Set down each line from the line holding "Hermès Pebbled Bucket" to the last line of the entries below, exactly, with both ends included and without pictures.

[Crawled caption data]
• • • • • • •
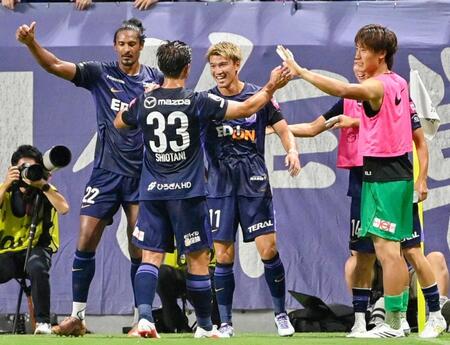 　前半、先制ゴールを決め喜ぶ広島・加藤（中央）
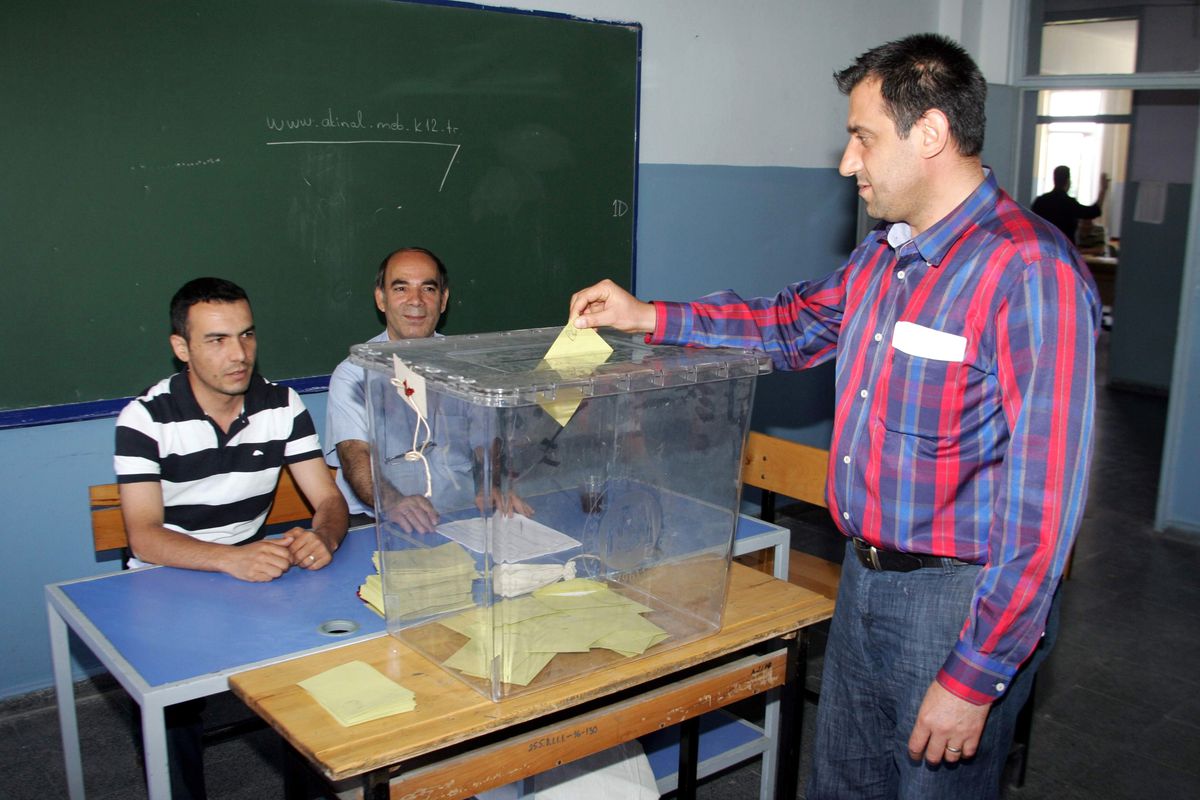 Gaziantep\'te Muhtarlık Seçimi İçin Sandık Başına Gidildi
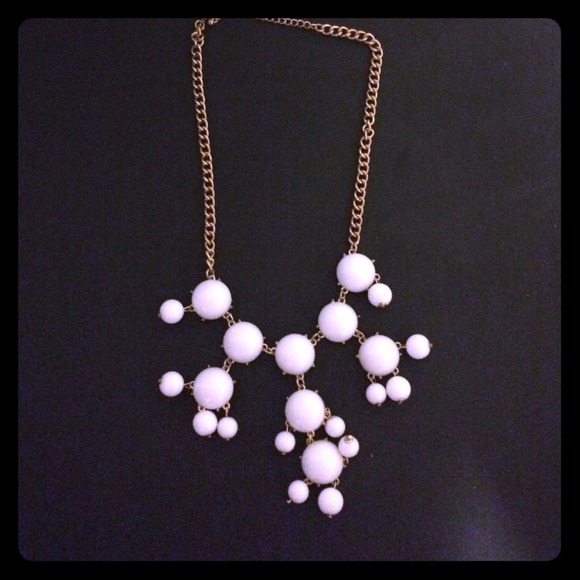 Necklace - Picture 1 of 1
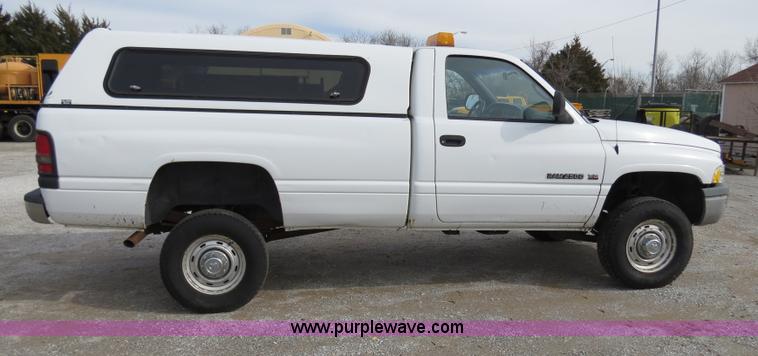 image for item B4626 1999 Dodge Ram 2500 pickup truck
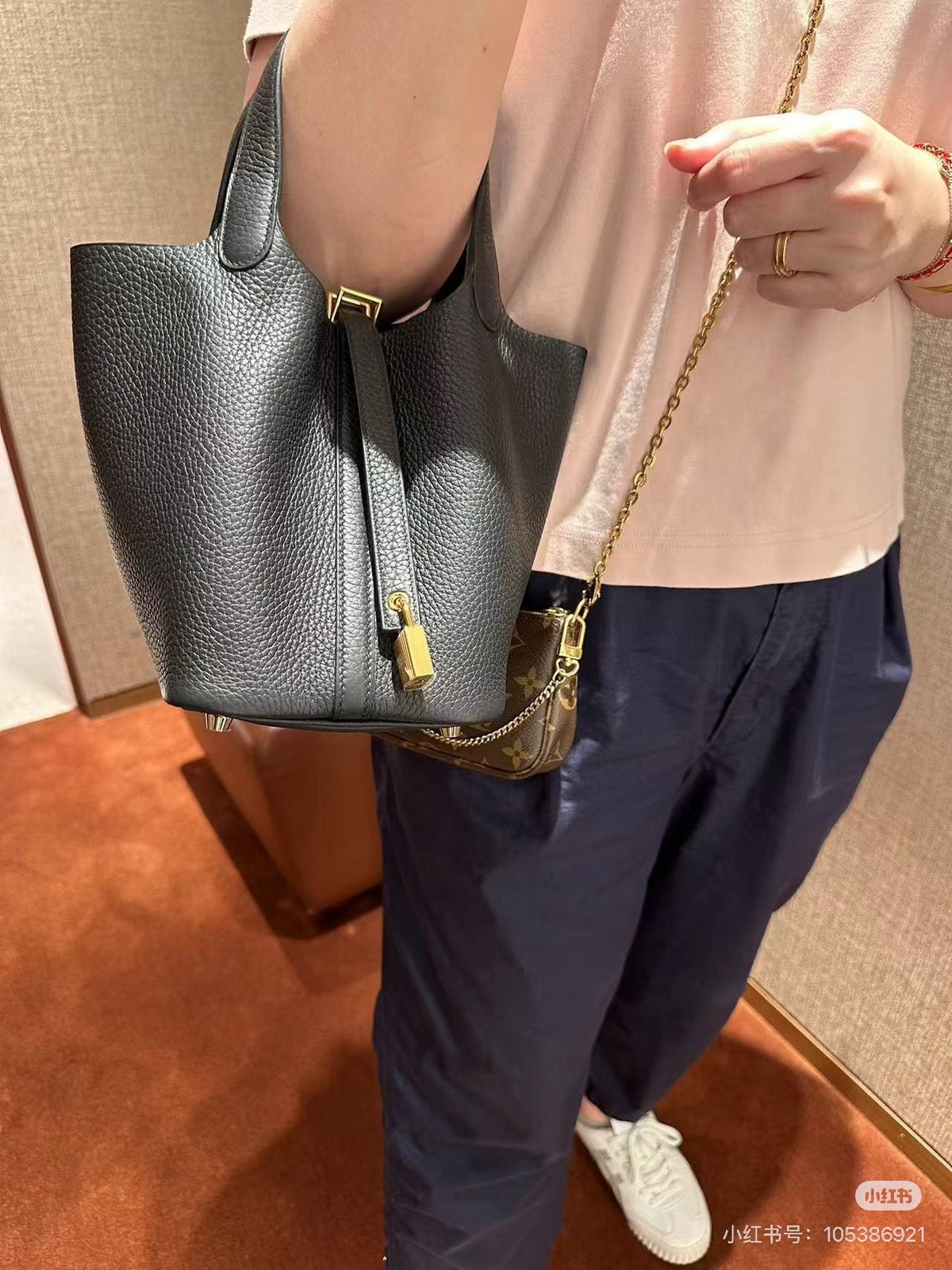 Hermès Pebbled Bucket Bag with Padlock — model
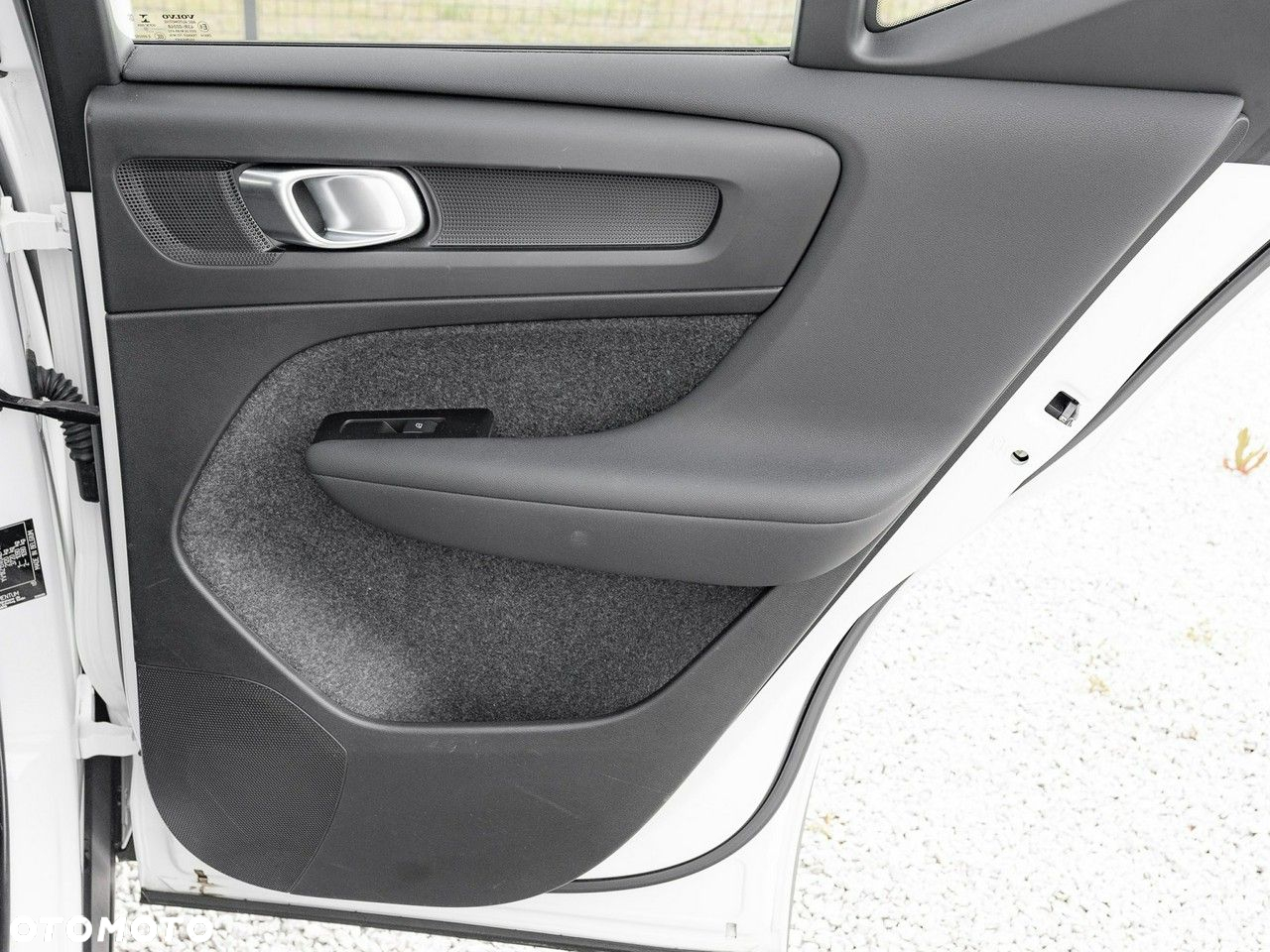 Volvo XC 40 T3 Momentum Pro - 28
• • • • • • •
● Answer below
 Hermès Pebbled Bucket Bag with Padlock — model
 Volvo XC 40 T3 Momentum Pro - 28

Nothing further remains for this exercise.